Can Jamba Juice Keep Going After Last Week's 29% Pop?

One of last week's biggest winners was Jamba (NASDAQ: JMBA), soaring 29.1% higher after the company released an encouraging financial update. The parent company of the Jamba Juice smoothie chain doesn't know when it will publish its actual year-end numbers, but the select metrics it did announce last week came as a welcome relief to investors.

Jamba revealed that comps for the fourth quarter on a comparable calendar basis rose a hearty 5.3%, as a 5.2% uptick at franchisee-owned stores was lifted slightly higher by a 6.5% spike at its company-owned locations. Comparable-store sales were negative through the first nine months of the year, as a slight increase in the second quarter was more than offset by declines in the first and third quarters. The 29% surge is the stock's biggest one-week rise since the spring of 2010.

Blending in

Jamba still has a long way to go before it's truly embraced by investors. We're still waiting on the past year of financial information. Jamba has run into some revenue recognition issues as it hands over more and more of its company-owned stores to successful franchisees. The shift away from company-owned locations has resulted in what should now be four years of declining revenue, but the hope here is that profitability will benefit as the company moves to become a higher-margin enterprise collecting franchisee payments.
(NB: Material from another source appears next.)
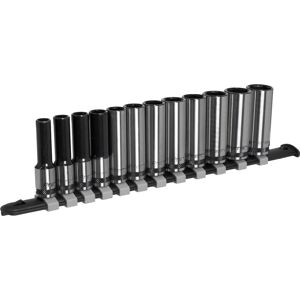 AK7993 Premier Black Deep Socket Set 3/8'Sq Drive 12pc - Sealey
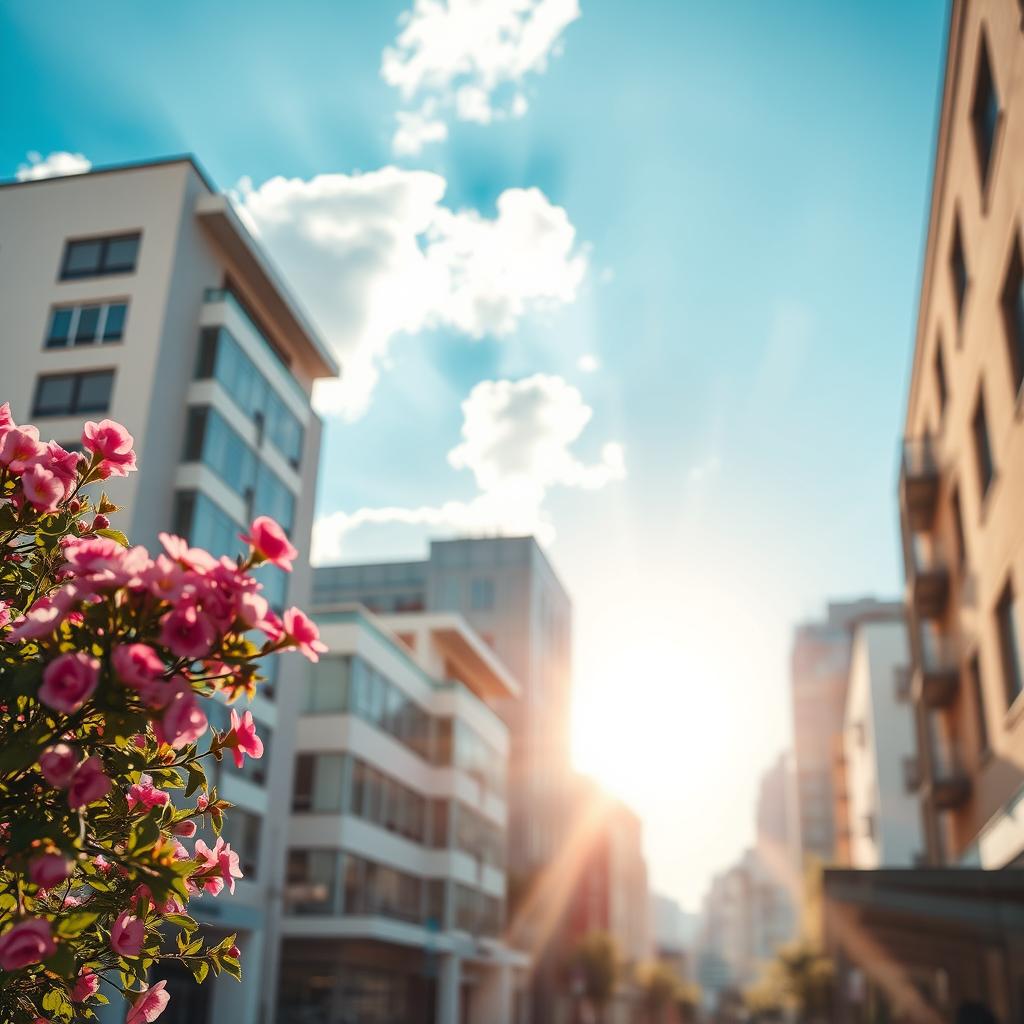 A close-up background of a quiet city on a sunny day, featuring a bright blue sky with fluffy white clouds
The concept is growing, but there still remains a lot of churn. Fifteen Jamba smoothie shops opened during the fourth quarter, partly offset by eight closures. There are now more than 800 Jamba Juice stores. It had 11 net openings for all of 2017, with 50 new stores held back by 39 closures. It fell woefully short of its initial goal calling for 65 net new openings in 2017. This isn't necessarily a bad thing, as the average annual unit sales of the 39 closed stores -- $300,000 -- is less than half of the concept's average unit volume.

Jamba isn't standing still. It promoted gift cards over the holidays, and it saw sales on that front shoot 79% higher through in-store and third-party retailers. Jamba's also excited about how new units with drive-thru windows are faring. It's aiming to have 25% of this year's new stores offering drive-thru convenience, up from 10% in 2017.

The country's largest smoothie chain is no market darling. The stock has fallen for three consecutive years, and it was trending lower in 2018 before last week's pop pushed it into positive year-to-date territory. If it wants to keep the stock price gains coming, it's going to need to keep the positive comps coming and file audited financials. Its guidance for 2018 calls for $68 million to $70 million in revenue, with positive comps and adjusted earnings before interest, taxes, debt, and amortization. The chain's comps have clocked in better than the industry benchmark since Carrabba's Italian Grill president David Pace took over as CEO in early 2016, but that hasn't been enough to please the market. Jamba may have the right ingredients in place for a turnaround, but now it needs to maintain growth to help it achieve that turnaround.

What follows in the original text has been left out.